Post by Dennis P Brown » Thu Jun 11, 2015 10:46 am

Your measuring Gamma rays but from where? An accelerator itself only produces X-rays - a target getting hit with protons can, in some cases, produce nuclear transmutations that could lead to Gamma rays but your post does not mention any such target/beam.
By the way, Beta radiation is composed of electrons. Not sure what that has to do with Gamma rays.
An accelerator can produce a dangerous level of X-rays when operating due to electron acceleration from the target and following the huge potential field from the VDG. These electrons hitting the glass walls and any metal at the end of the tube can generate these X-rays. These electrons can be produced when the target is being irradiated by high energy protons (and also by protons hitting the side walls.) As such, shielding may be required and certainly it is important to measure the radiation threat near the accelerator - as you appear to be doing.
You might want to consider wearing dose badges during accelerator operation.
An anti-electron back streaming bias voltage at the target is a good idea as well. This can strongly help to suppress this effect.
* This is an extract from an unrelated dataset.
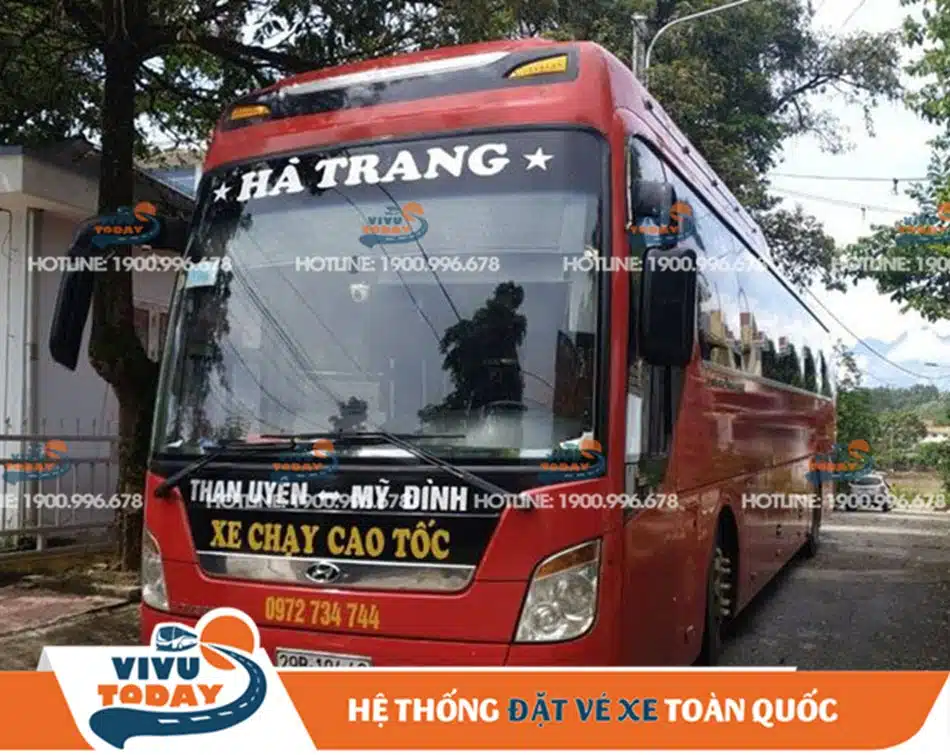 nha-xe-ha-trang Nhà xe Hà Trang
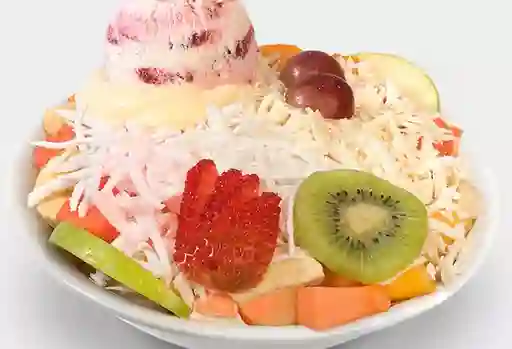 Ensalada Especial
Glad you are posting your progress - a very interesting project! I too have built an accelerator but with my refusal, at least so far, to dis-assemble my turbo pump to get a piece of glass out of it (read this as inability to get the darn thing apart), my fully complete accelerator has just been collecting dust (lol). My VDG has given me constant issues but your "dry box" could work. I am concerned by the plywood, however. Plywood is conductive at those voltages and may rob your VDG of most its current/voltage. Consider plexiglass for the box. Using rope to support the accelerator tube may also create a severe current/voltage drain.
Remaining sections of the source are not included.